For, it being supposed, that the Specificall Gravity of the water, is to the Specificall Gravity of the Prisme D G, as the Altitude D F, is to the Altitude F B; that is, as the Solid D G is to the Solid B G; we might easily demonstrate, that as much water in Mass as is equall to the Solid B G, doth weigh absolutely as much as the whole Solid D G; For, by the Lemma foregoing, the Absolute Gravity of a Mass of water, equall to the Mass B G, hath to the Absolute Gravity of the Prisme D G, a proportion compounded of the proportions, of the Mass B G to the Mass G D, [and of the Specifick Gravit{y}] of the water, to the Specifick Gravity of the Prisme: But the Gravity in specie of the water, to the Gravity in specie of the Prisme, is supposed to be as the Mass G D to the Mass G B. Therefore, the Absolute Gravity of a Mass of water, equall to the Mass B G, is to the Absolute Gravity of the Solid D G, in a proportion compounded of the proportions, of the Mass B G to the Mass G D, and of the Mass D G to the Mass G B; which is a proportion of equalitie. The Absolute Gravity, therefore, of a Mass of Water equall to the part of the Mass of the Prisme B G, is equall to the Absolute Gravity of the whole Solid D G.
COROLLARY II.
A Rule to equilibrate Solids in the water.
It followes, moreover, that a Solid less grave than the water, being put into a Vessell of any imaginable greatness, and water being circumfused about it to such a height, that as much water in Mass, as is the part of the Solid submerged, do weigh absolutely as much as the whole Solid; it shall by that water be justly sustained, be the circumfused Water in quantity greater or lesser.

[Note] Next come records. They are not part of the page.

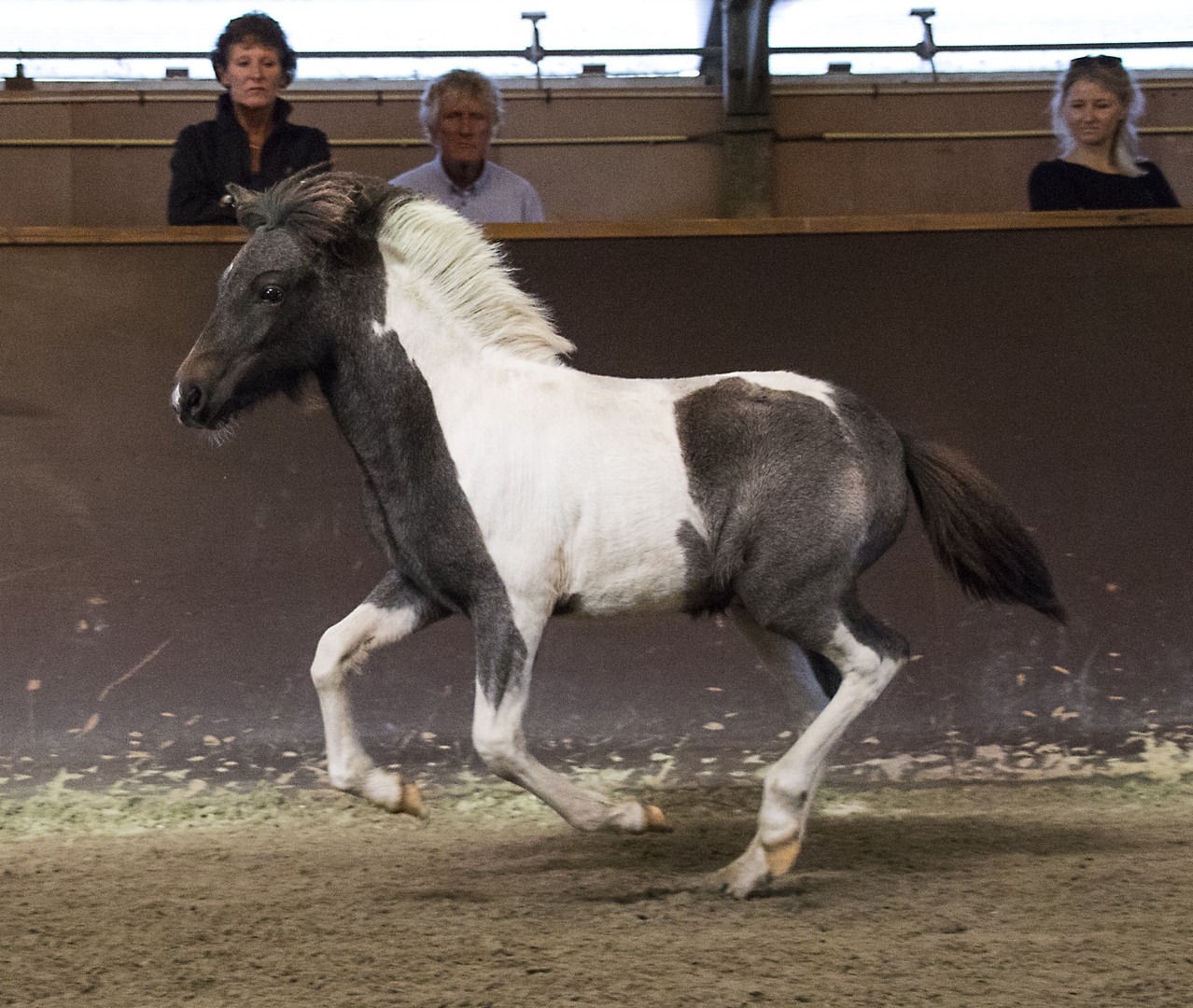 Viktor van 't Schermereylandt veulenkampioen in Den Ilp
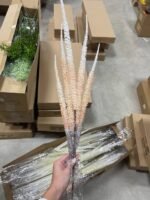 Амарант - Зображення 2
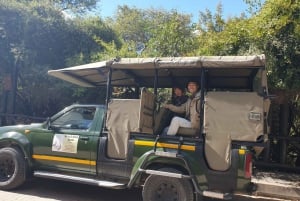 Full-Day Kruger National Park Safari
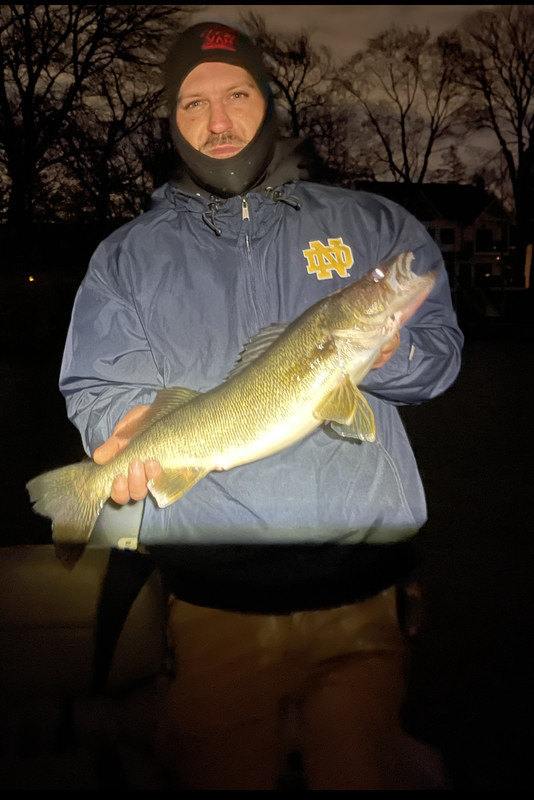 D465CD5F-D12F-42FD-9B05-49E6D006AB27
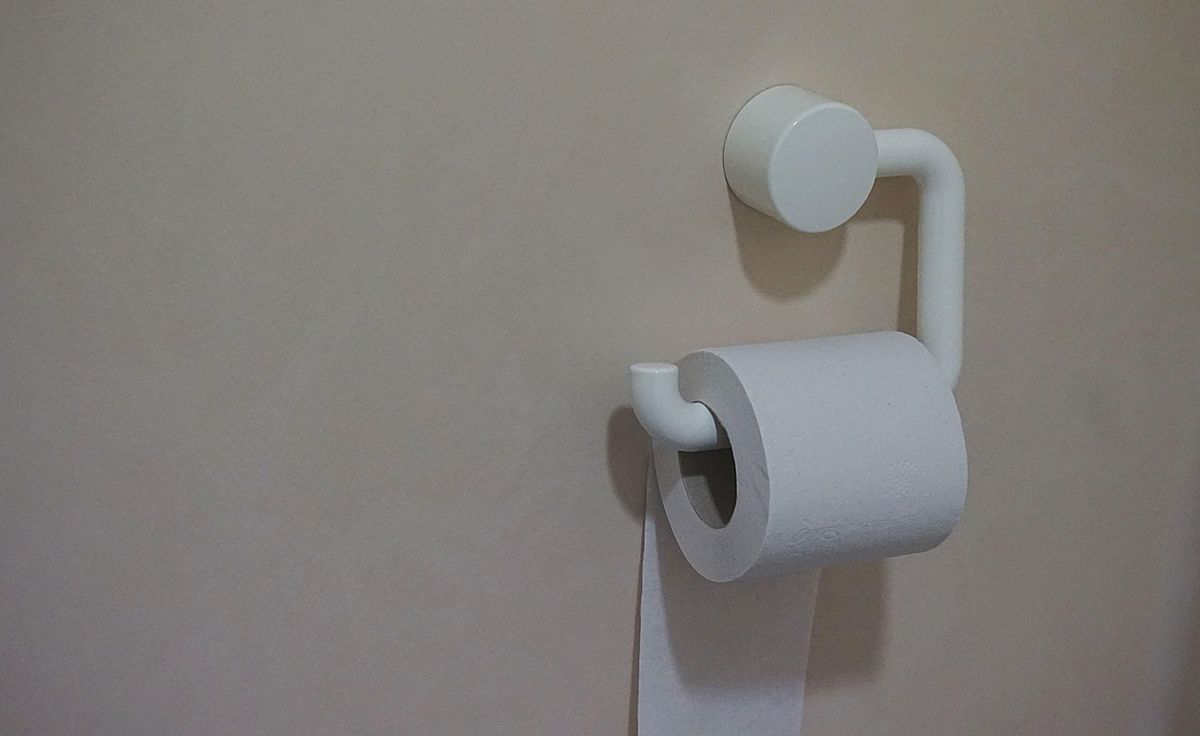 Wall-mounted toilet roll holder with a roll of paper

For, if the Cylinder or Prisme M, less grave than the water, v. gra. in Subsequiteriall proportion, shall be put into the capacious Vessell A B C D, and the water raised about it, to three quarters of its
height, namely, to its Levell A D: it shall be sustained and exactly poysed in Equilibrium. The same will happen; [if the Vessell E N S F] were very small, so, that between the Vessell and the Solid M, there were but a very narrow space, and only capable of so much water, as the hundredth part of the Mass M, by which it should be likewise raised and erected, as before it had been elevated to three fourths of the height of the Solid: which to many at the first sight, may seem a notable Paradox, and beget a conceit, that the Demonstration of these effects, were sophisticall and fallacious: but, for those who so repute it, the Experiment is a means that may fully satisfie them. But he that shall but comprehend of what Importance Velocity of Motion is, and how it exactly compensates the defect and want of Gravity, will cease to wonder, in considering that at the elevation of the Solid M, the great Mass of water A B C D abateth very little, but the little Mass of water E N S F decreaseth very much, and in an instant, as the Solid M before did rise, howbeit for a very short space: Whereupon the Moment, compounded of the small Absolute Gravity of the water E N S F, and of its great Velocity in ebbing, [equalizeth the Force and and Moment,] that results from the composition of the immense Gravity of the water A B C D, with its great slownesse of ebbing; since that in the Elevation of the Sollid M, the abasement of the lesser water E S, is performed just so much more swiftly than the great Mass of water A C, as this is more in Mass than that which we thus demonstrate.
The proportion according to which water riseth and falls in different Vessels at the Immersion and Elevation of Solids.
In the rising of the Solid M, its elevation hath the same proportion to the circumfused water E N S F, that the Surface of the said water, hath to the Superficies or Base of the said Solid M; which Base hath the same proportion to the Surface of the water A D, that the abasement or ebbing of the water A C, hath to the rise or elevation of the said Solid M. Therefore, by Perturbation of proportion, in the ascent of the said Solid M, the abasement of the water A B C D, to the abasement of the water E N S F, hath the same proportion, that the Surface of the water E F, hath to the Surface of the water A D; that is, that the whole Mass of the water E N S F, hath to the whole Mass A B C D, being equally high: It is manifest, therefore, that in the expulsion and elevation of the Solid M, the water E N S F shall exceed in Velocity of Motion the water A B C D, asmuch as it on the other side is exceeded by that in quantity: whereupon their Moments in such operations, are mutually equall.